Captioned web images:
______

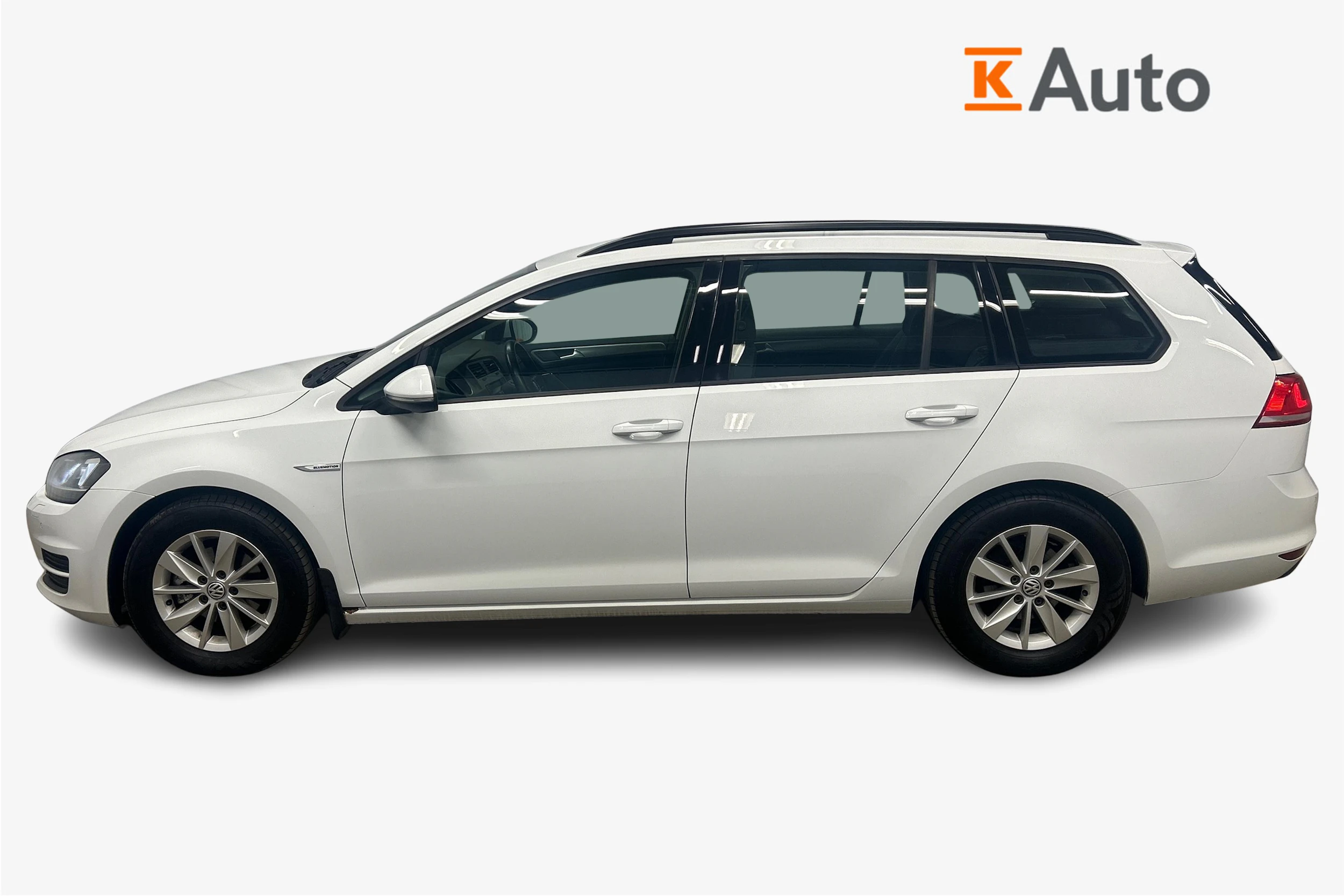 Valkoinen Volkswagen GOLF 2015 kuva 5.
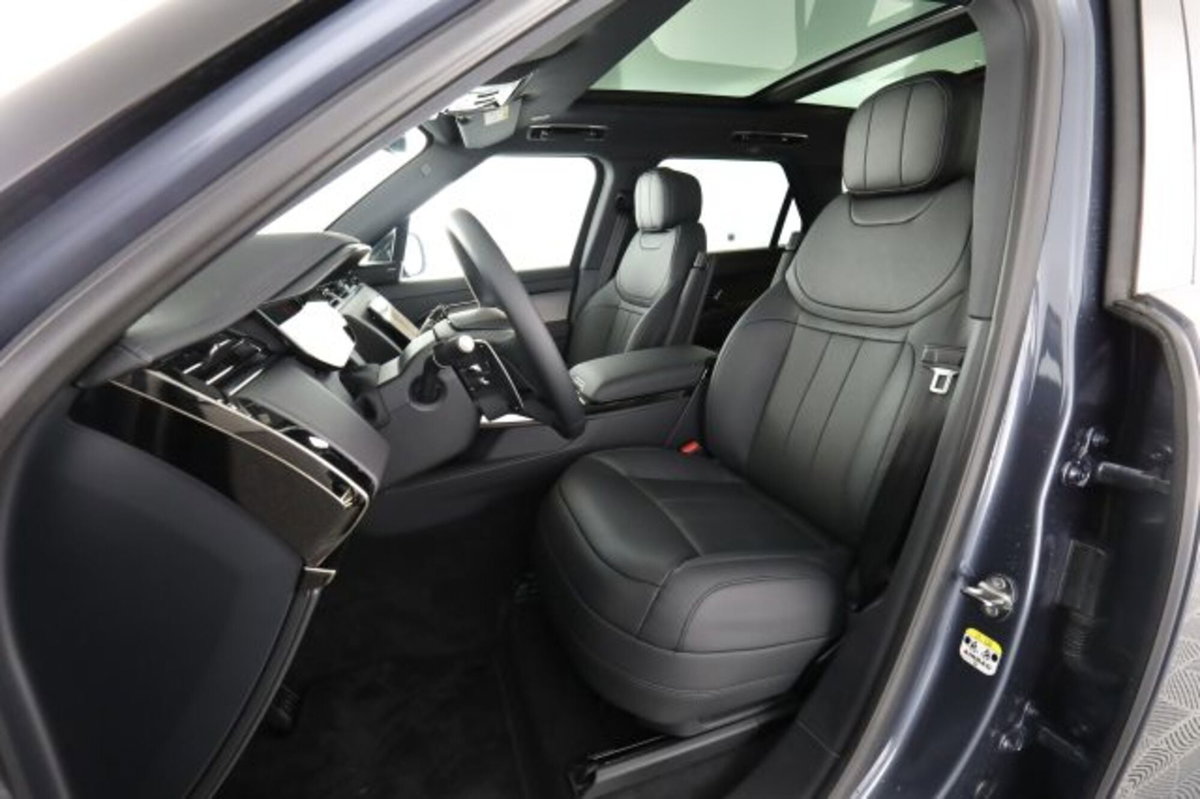 Land Rover Range Rover Sport 3.0D l6 249 CV HSE Dynamic Stealth (9)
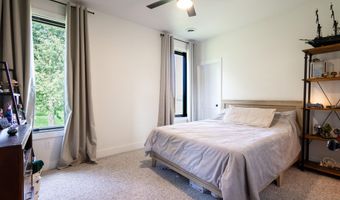 14743 Lawrence 1195, Aurora, MO 65605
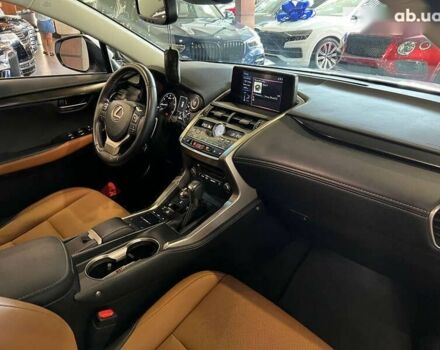 Лексус НХ, объемом двигателя 2 л и пробегом 35 тыс. км за 35900 $, фото 28 на Automoto.ua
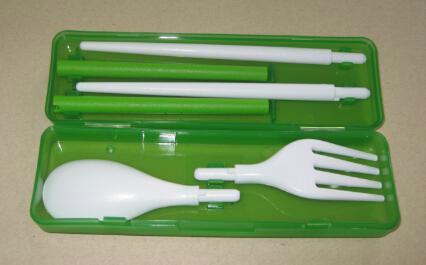 供应儿童塑料餐具 环保儿童塑料叉子 便携叉子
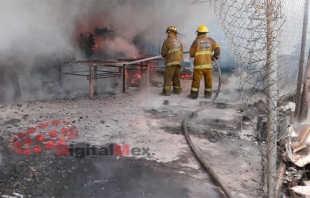 #Video #Alerta: incendio consume fábrica en la México-Toluca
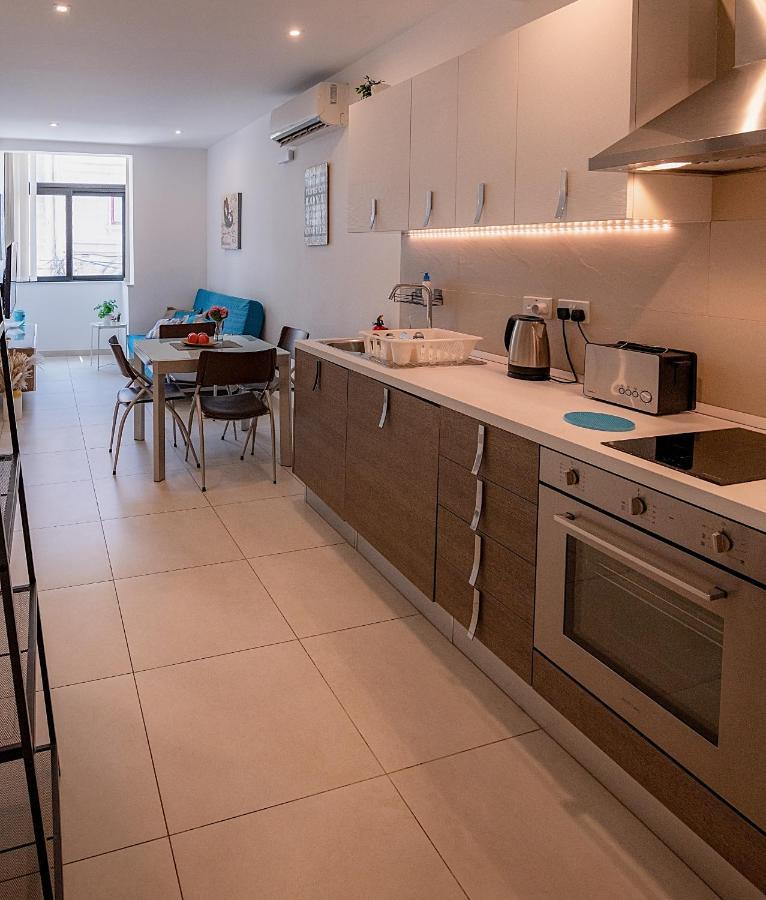 Modern Comfort - 2Br Apartment Center Of St Julians & Paceville Saint Julian's Ngoại thất bức ảnh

______

Leave the pictures out and copy the rest of the data exactly.

EXERCISE ANSWER:
 Valkoinen Volkswagen GOLF 2015 kuva 5.
 Land Rover Range Rover Sport 3.0D l6 249 CV HSE Dynamic Stealth (9)
 14743 Lawrence 1195, Aurora, MO 65605
 Лексус НХ, объемом двигателя 2 л и пробегом 35 тыс. км за 35900 $, фото 28 на Automoto.ua
 供应儿童塑料餐具 环保儿童塑料叉子 便携叉子
 #Video #Alerta: incendio consume fábrica en la México-Toluca
 Modern Comfort - 2Br Apartment Center Of St Julians & Paceville Saint Julian's Ngoại thất bức ảnh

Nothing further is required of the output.